Le parece increíble que haya pasado ya una semana, pero a la vez tiene la
sensación de llevar allí muchísimo más tiempo. Aunque no lo haga a menudo, le
encanta viajar y, sin embargo, Japón nunca había estado entre sus prioridades.
Ahora no se lo explica. En su mente se agolpan sensaciones intensas e imágenes
espectaculares de un paseo en barca bajo millones de flores de cerezo en el
Parque Ueno; de la marea humana del cruce de Shibuya, deteniéndose y
dispersándose al ritmo que marcan las luces de los semáforos; del carnaval del
barrio de Harajuku, que no es ningún carnaval, porque esa gente se viste así de
verdad; del atardecer reflejándose en la cumbre nevada del monte Fuji desde el
tren bala; del viaje al pasado por las estrechas calles de la isla de Miyajima
bajo la lluvia; y el estremecimiento que le recorrió las entrañas al contemplar
Hiroshima desde su castillo (destruido en 1945, reconstruido en 1958), y al
visitar el cenotafio del Parque de la
Paz, monumento a las víctimas o al horror y la estupidez
humana. Geles y ella están disfrutando como nunca. El saberse a 11.000 kilómetros
de casa, donde absolutamente nadie las conoce les proporciona una sensación de
libertad inesperada y, poco a poco, han comenzado, sin proponérselo ni ponerse
de acuerdo, a probar cosas nuevas y a hacer otras a las que nunca se habían
atrevido.
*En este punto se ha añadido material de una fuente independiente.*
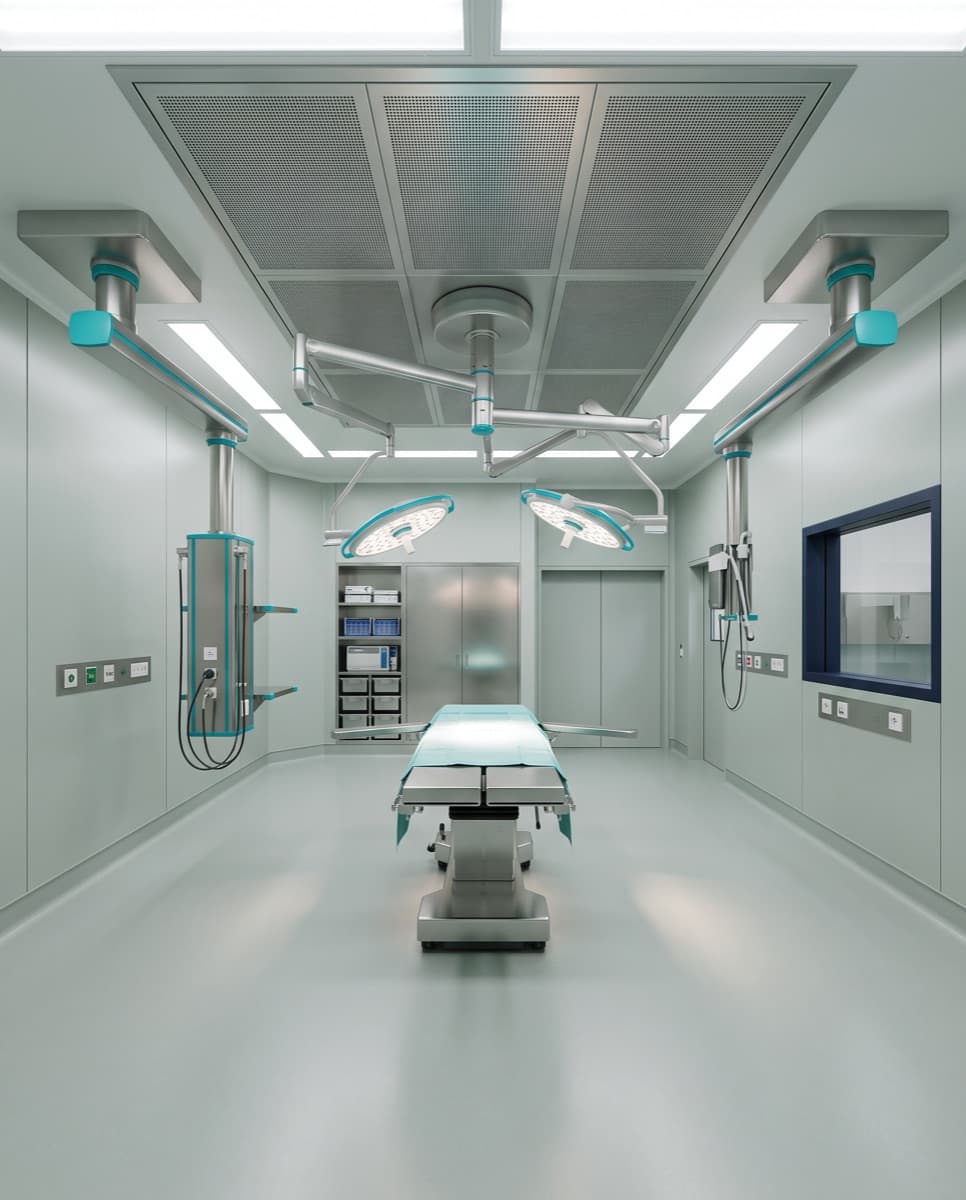 Quirófano equipado con lámpara cialítica, brazos de servicio en techo y acabados sanitarios continuos.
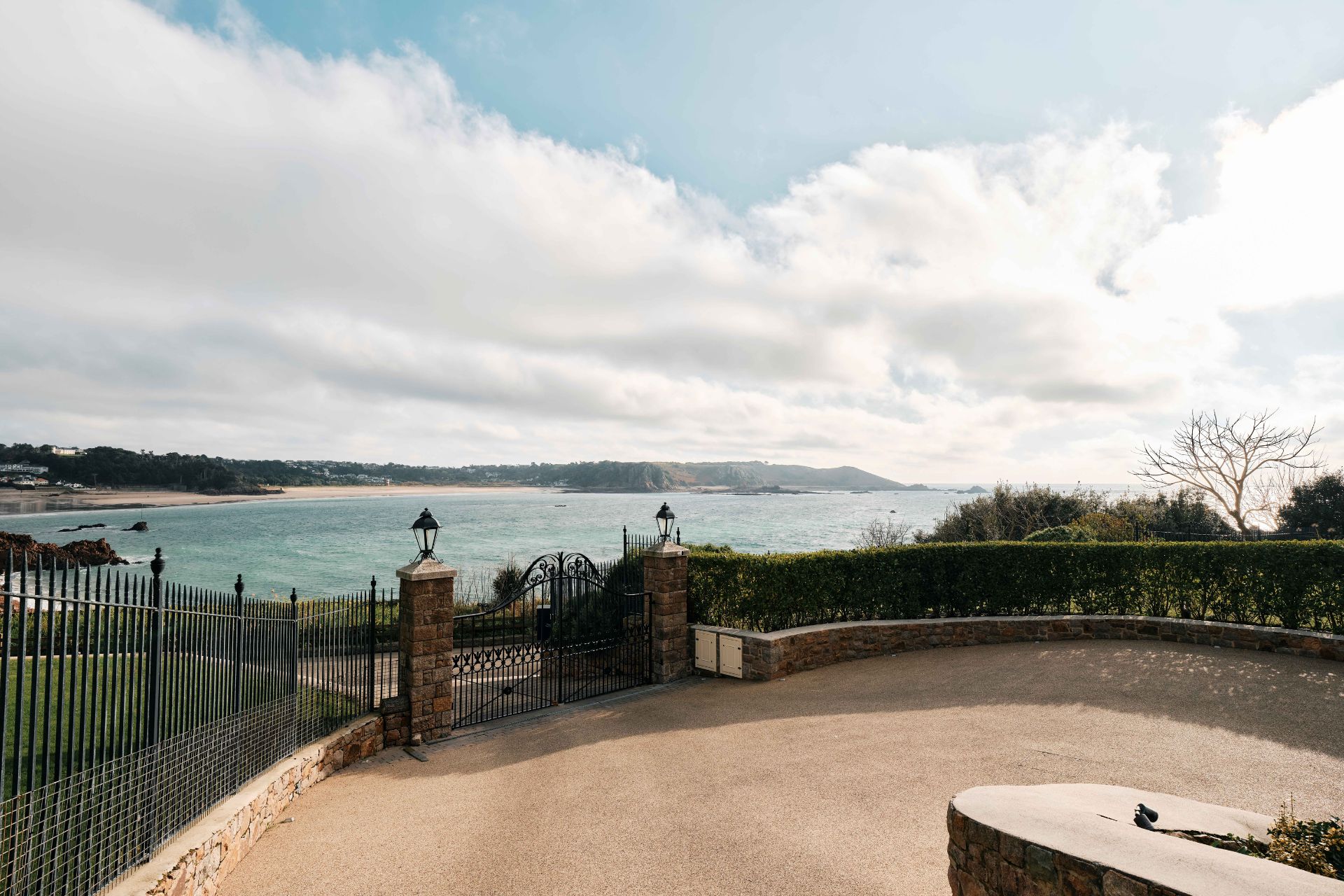 Circular gravel driveway with sea views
Empezó por tonterías, como probar el sushi (ninguna de las dos era,
hasta entonces, muy partidaria de la idea de comer pescado crudo y a las dos
les ha encantado) o cantar en un karaoke, pero poco a poco le han ido cogiendo
el gustillo. Sobre todo Geles, que la empuja y la hace saltarse continuamente
las fronteras invisibles que ella misma se había marcado, hasta el punto de
convencerla para ir a un onsen, los
baños públicos japoneses, y disfrutar, completamente desnuda y rodeada de
gente, de las aguas termales sin preocuparse de sus michelines ni de su
celulitis. Lo de hoy es, quizás, demasiado, pero ha decidido no privarse de
nada y no es momento de echarse atrás. El camarero deja el plato sobre la mesa
con una sonrisa. «Fugu sashi», dice,
y les desea buen provecho en un inglés con mucho acento.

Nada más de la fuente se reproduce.